Philip A. Botham, Lesley K. Earl, Julia H. Fentem, Roland Roguet and Johannes J.M. van de Sandt

The ECVAM Skin Irritation Task Force was established in November 1996, primarily to prepare a report on the current status of the development and validation of alternative tests for skin irritation and corrosion and, in particular, to identify any appropriate non-animal tests for predicting human skin irritation which were sufficiently well-developed to warrant ECVAM supporting their prevalidation/validation. The task force based its discussions around the proposed testing strategy for skin irritation/corrosion emanating from an OECD workshop held in January 1996. The following have been reviewed: a) structure-activity and structure-property relationships for skin corrosion and irritation; b) the use of pH and acid/alkaline reserve measurements in predicting skin corrosivity; c) in vitro tests for skin corrosion; d) in vitro tests for skin irritation (keratinocyte cultures, organ cultures, and reconstituted human skin models); and e) human patch tests for skin irritation.

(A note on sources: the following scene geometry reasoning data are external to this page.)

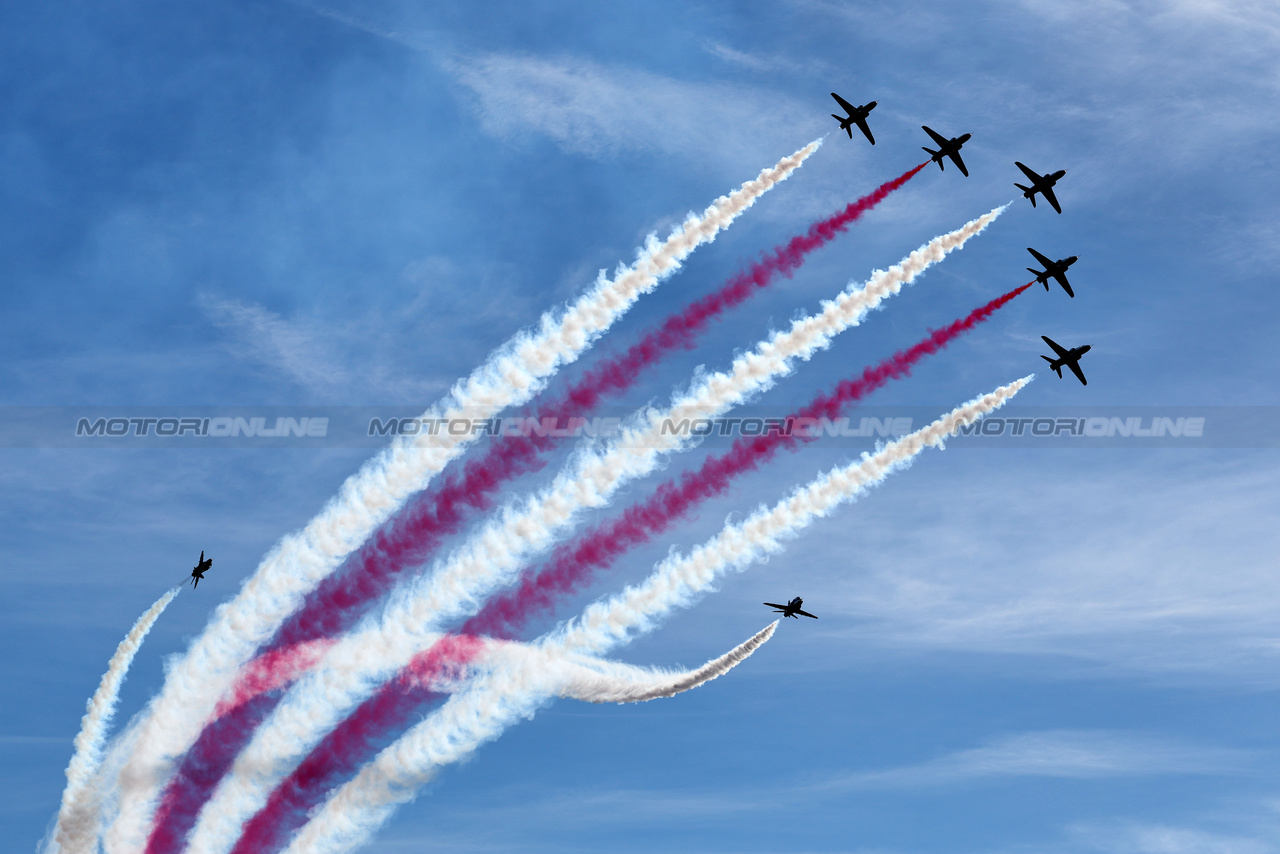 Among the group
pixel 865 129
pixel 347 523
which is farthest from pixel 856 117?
pixel 347 523

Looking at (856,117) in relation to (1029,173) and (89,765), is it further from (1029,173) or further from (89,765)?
(89,765)

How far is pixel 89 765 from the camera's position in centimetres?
8475

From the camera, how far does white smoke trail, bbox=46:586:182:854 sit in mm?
84250

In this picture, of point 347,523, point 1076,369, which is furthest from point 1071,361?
point 347,523

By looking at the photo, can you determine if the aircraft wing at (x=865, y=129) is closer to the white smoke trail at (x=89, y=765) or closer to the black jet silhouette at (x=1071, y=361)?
the black jet silhouette at (x=1071, y=361)

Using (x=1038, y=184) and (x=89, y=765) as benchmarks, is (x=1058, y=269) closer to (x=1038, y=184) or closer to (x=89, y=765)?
(x=1038, y=184)

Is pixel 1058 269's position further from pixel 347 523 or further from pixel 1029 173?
pixel 347 523

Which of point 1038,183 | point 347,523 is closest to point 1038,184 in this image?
point 1038,183

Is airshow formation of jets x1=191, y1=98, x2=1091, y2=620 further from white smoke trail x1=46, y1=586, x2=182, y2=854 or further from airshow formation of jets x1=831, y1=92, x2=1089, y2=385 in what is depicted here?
white smoke trail x1=46, y1=586, x2=182, y2=854

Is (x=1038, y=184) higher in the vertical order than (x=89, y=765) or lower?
higher

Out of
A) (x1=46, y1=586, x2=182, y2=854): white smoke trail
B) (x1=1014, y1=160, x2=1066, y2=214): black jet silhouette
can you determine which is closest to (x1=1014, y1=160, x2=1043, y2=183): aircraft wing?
(x1=1014, y1=160, x2=1066, y2=214): black jet silhouette

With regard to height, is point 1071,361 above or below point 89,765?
above

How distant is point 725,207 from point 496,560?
1289 inches

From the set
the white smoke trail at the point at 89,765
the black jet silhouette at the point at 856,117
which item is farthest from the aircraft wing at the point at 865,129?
the white smoke trail at the point at 89,765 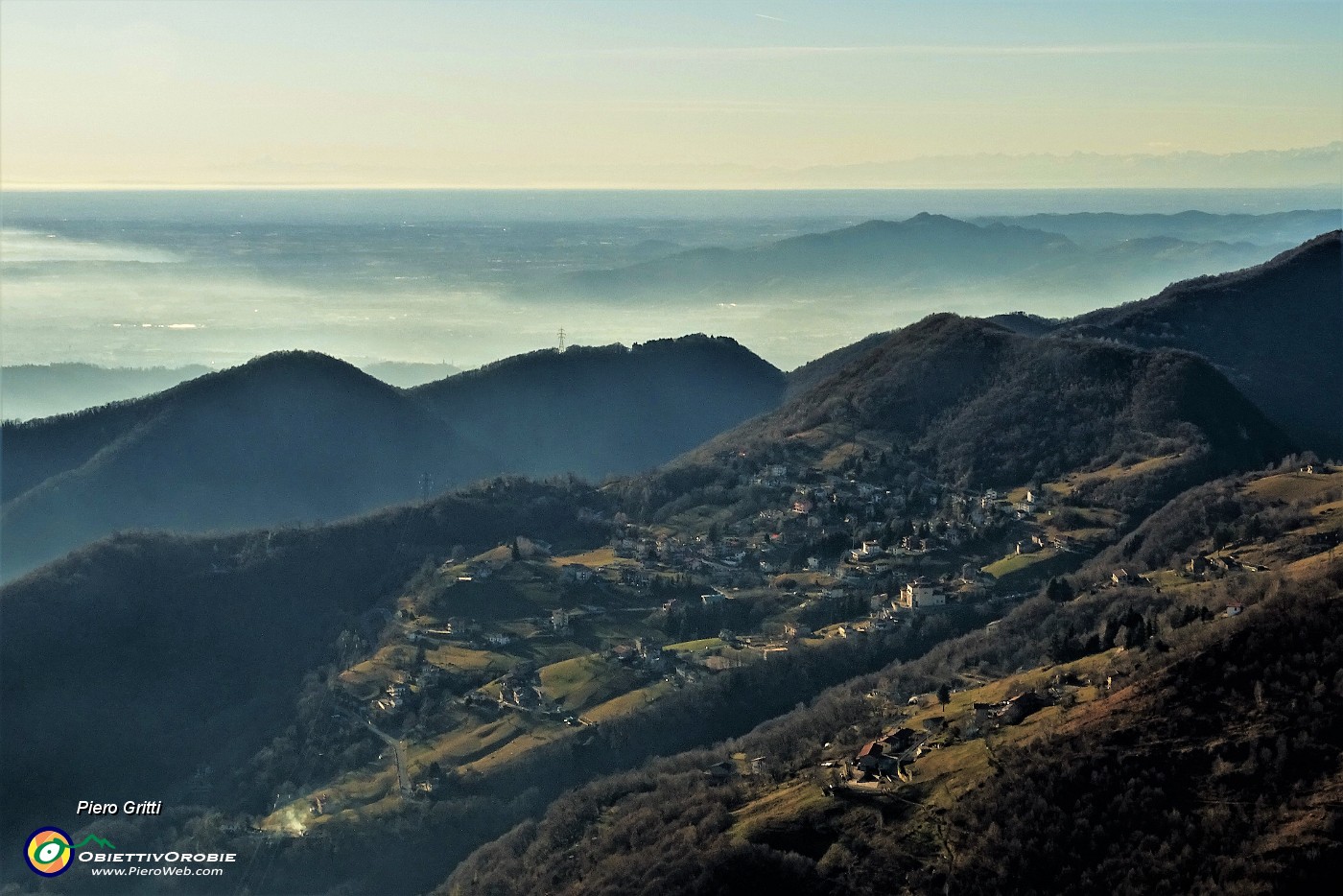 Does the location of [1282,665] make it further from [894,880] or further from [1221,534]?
[1221,534]

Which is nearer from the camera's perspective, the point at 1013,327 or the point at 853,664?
A: the point at 853,664

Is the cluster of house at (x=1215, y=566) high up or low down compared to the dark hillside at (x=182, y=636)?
up

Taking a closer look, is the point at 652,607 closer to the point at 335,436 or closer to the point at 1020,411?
the point at 1020,411

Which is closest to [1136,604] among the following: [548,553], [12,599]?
[548,553]

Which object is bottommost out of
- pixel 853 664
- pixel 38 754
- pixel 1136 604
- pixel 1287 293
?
pixel 38 754

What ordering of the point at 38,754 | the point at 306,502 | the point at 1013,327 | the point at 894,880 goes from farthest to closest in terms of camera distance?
1. the point at 1013,327
2. the point at 306,502
3. the point at 38,754
4. the point at 894,880

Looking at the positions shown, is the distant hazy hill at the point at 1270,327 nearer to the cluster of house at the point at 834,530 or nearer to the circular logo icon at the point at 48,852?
the cluster of house at the point at 834,530

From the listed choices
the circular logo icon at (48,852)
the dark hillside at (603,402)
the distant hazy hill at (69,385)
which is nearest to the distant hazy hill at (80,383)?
the distant hazy hill at (69,385)

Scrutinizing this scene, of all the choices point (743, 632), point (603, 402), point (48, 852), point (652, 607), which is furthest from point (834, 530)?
point (603, 402) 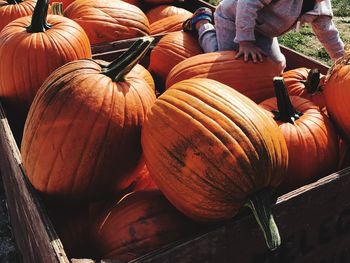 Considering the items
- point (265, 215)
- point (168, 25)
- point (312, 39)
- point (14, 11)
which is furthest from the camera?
point (312, 39)

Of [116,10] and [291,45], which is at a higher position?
[116,10]

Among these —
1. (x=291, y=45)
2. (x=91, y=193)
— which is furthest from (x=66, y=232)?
(x=291, y=45)

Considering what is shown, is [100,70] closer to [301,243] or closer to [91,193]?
[91,193]

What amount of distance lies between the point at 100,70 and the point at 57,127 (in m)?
0.28

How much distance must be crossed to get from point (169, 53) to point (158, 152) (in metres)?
1.33

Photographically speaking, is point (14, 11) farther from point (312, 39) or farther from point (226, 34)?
point (312, 39)

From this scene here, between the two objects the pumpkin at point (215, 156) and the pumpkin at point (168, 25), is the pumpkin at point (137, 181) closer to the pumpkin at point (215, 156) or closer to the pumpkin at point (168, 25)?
the pumpkin at point (215, 156)

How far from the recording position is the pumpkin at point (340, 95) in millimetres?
1749

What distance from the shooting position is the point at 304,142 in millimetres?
1715

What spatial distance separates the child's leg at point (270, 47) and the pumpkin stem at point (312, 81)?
27 centimetres

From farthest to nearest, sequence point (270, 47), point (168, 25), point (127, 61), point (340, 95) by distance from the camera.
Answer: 1. point (168, 25)
2. point (270, 47)
3. point (340, 95)
4. point (127, 61)

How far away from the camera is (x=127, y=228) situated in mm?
1517

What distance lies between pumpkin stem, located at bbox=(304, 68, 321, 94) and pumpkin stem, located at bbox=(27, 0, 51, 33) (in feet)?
4.22

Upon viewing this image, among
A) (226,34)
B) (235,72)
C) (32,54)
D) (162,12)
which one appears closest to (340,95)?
(235,72) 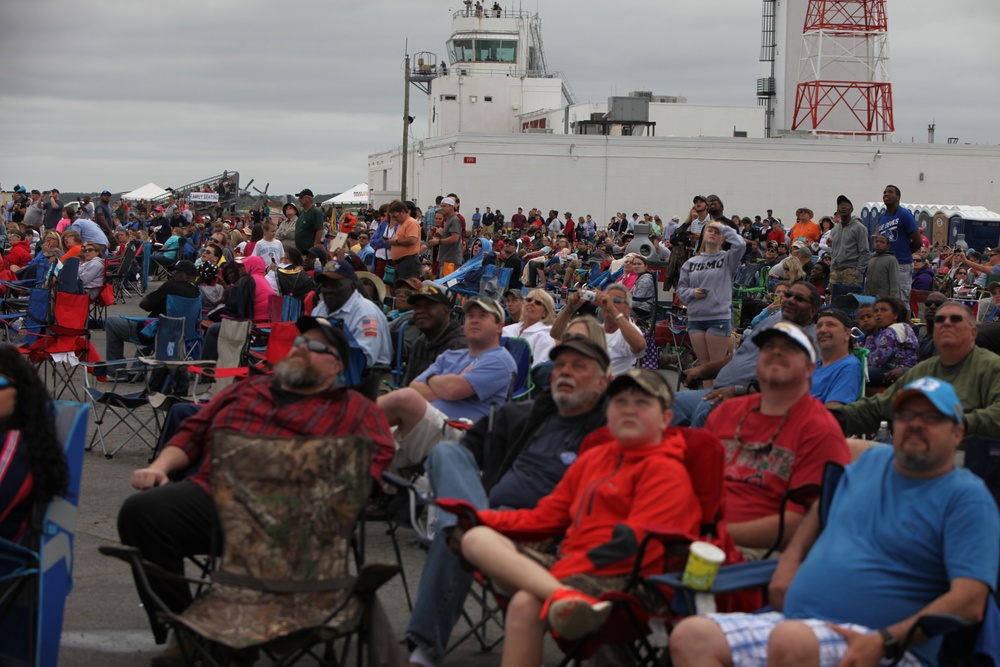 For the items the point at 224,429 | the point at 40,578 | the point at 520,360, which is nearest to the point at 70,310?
the point at 520,360

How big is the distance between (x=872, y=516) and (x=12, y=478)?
2.93m

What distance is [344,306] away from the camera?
827 cm

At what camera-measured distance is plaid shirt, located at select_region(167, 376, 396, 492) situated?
15.2 feet

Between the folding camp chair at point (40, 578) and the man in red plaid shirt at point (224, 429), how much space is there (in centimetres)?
32

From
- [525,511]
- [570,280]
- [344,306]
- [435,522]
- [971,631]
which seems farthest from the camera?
[570,280]

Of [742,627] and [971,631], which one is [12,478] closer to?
[742,627]

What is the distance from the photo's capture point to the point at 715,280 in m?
10.1

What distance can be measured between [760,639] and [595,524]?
2.54ft

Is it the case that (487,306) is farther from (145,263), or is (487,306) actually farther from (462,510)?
(145,263)

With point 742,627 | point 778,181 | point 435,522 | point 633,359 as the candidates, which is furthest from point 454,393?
point 778,181

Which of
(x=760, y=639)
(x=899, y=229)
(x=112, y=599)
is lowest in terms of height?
(x=112, y=599)

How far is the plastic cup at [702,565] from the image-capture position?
141 inches

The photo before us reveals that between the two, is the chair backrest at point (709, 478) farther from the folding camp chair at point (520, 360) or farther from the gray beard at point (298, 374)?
the folding camp chair at point (520, 360)

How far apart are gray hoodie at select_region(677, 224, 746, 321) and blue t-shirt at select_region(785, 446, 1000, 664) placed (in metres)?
6.45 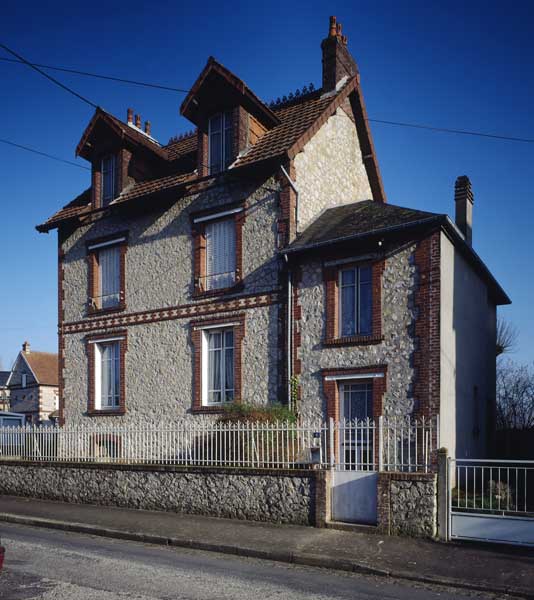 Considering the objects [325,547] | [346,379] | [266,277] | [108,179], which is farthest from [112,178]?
[325,547]

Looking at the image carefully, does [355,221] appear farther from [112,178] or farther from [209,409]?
[112,178]

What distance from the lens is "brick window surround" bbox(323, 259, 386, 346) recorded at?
573 inches

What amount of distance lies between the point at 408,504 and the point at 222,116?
11.6m

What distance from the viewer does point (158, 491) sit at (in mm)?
13531

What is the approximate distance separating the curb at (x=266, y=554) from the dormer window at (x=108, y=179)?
10.2 metres

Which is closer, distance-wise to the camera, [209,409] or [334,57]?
[209,409]

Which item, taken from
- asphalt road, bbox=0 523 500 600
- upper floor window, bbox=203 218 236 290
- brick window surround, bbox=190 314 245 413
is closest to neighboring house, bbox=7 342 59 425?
brick window surround, bbox=190 314 245 413

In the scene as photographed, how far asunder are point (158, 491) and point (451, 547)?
6.12m

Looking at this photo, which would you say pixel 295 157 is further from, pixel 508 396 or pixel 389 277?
pixel 508 396

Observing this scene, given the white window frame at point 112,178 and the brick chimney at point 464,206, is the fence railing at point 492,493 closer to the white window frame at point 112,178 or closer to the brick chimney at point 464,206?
the brick chimney at point 464,206

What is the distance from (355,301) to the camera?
15.1 m

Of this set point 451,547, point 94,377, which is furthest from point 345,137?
point 451,547

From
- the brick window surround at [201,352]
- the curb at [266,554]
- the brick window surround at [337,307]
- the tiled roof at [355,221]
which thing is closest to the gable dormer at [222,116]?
the tiled roof at [355,221]

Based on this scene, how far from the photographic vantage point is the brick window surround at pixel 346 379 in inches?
563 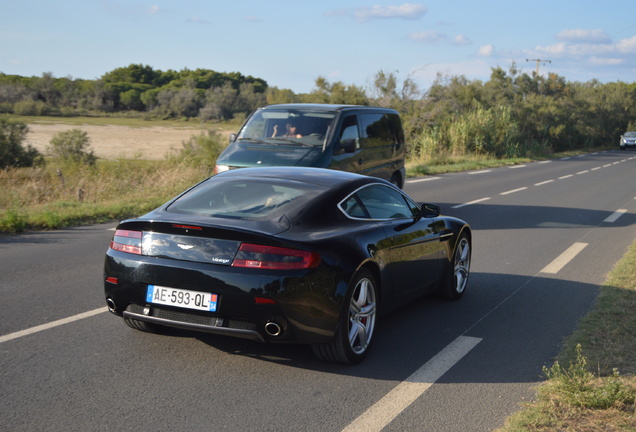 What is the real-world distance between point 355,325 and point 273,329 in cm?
72

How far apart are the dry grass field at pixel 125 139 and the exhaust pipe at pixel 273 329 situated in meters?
31.6

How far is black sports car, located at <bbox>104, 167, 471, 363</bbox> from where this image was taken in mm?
4684

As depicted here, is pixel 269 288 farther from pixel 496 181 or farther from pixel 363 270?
pixel 496 181

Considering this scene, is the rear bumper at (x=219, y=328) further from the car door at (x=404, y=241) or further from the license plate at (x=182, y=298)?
the car door at (x=404, y=241)

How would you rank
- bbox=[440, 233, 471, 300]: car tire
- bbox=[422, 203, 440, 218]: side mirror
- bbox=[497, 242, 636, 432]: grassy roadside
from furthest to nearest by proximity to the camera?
1. bbox=[440, 233, 471, 300]: car tire
2. bbox=[422, 203, 440, 218]: side mirror
3. bbox=[497, 242, 636, 432]: grassy roadside

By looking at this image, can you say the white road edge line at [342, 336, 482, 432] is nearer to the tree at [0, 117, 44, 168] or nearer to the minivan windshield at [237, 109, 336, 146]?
the minivan windshield at [237, 109, 336, 146]

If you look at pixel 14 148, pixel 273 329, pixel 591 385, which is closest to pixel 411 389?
pixel 273 329

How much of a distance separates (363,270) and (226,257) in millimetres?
1040

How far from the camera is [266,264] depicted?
4.68 meters

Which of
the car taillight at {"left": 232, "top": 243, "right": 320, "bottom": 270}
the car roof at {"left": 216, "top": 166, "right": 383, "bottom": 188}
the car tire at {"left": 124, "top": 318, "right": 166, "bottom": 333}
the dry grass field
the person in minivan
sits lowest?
the dry grass field

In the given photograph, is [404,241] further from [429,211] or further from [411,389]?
[411,389]

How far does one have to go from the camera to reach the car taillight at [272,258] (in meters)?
4.68

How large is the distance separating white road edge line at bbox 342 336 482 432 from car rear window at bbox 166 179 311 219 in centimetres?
153

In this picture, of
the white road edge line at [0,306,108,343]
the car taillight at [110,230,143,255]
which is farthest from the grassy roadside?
the white road edge line at [0,306,108,343] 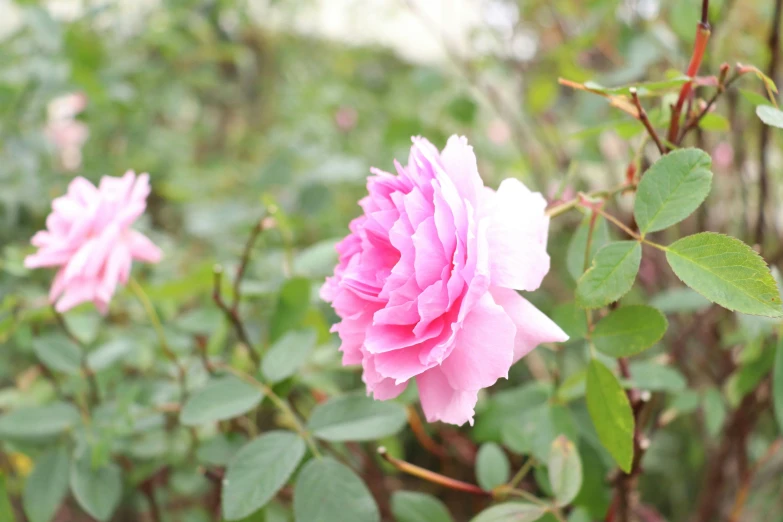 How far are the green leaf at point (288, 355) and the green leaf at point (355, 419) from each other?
Answer: 43 mm

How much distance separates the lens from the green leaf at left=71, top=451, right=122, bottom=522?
0.54m

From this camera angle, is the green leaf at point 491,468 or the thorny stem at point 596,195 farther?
the green leaf at point 491,468

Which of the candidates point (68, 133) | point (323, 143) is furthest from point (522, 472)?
point (68, 133)

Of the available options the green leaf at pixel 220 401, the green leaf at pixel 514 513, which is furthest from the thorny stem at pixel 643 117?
the green leaf at pixel 220 401

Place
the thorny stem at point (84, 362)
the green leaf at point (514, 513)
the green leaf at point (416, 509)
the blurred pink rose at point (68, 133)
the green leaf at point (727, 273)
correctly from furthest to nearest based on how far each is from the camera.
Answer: the blurred pink rose at point (68, 133) → the thorny stem at point (84, 362) → the green leaf at point (416, 509) → the green leaf at point (514, 513) → the green leaf at point (727, 273)

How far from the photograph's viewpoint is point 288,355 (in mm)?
510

It was apparent that, although several promising candidate in vitro tests for skin irritation (for example, reconstituted human skin methods, and human and animal skin organ culture methods) were under development and evaluation, a test protocol, a preliminary prediction model and supporting data on different types of chemicals were only available for a method employing EpiDermTM. Thus, it is proposed that this EpiDerm test undergoes prevalidation during 1998. In addition, since it was felt preferable to be able to include other in vitro tests in such a prevalidation study, it is recommended that a “challenge” be set to anyone interested in taking part. This involves submitting data on ten test chemicals selected by the task force, obtained according to a standard protocol with a preliminary prediction model, for review by the task force by 31 May 1998.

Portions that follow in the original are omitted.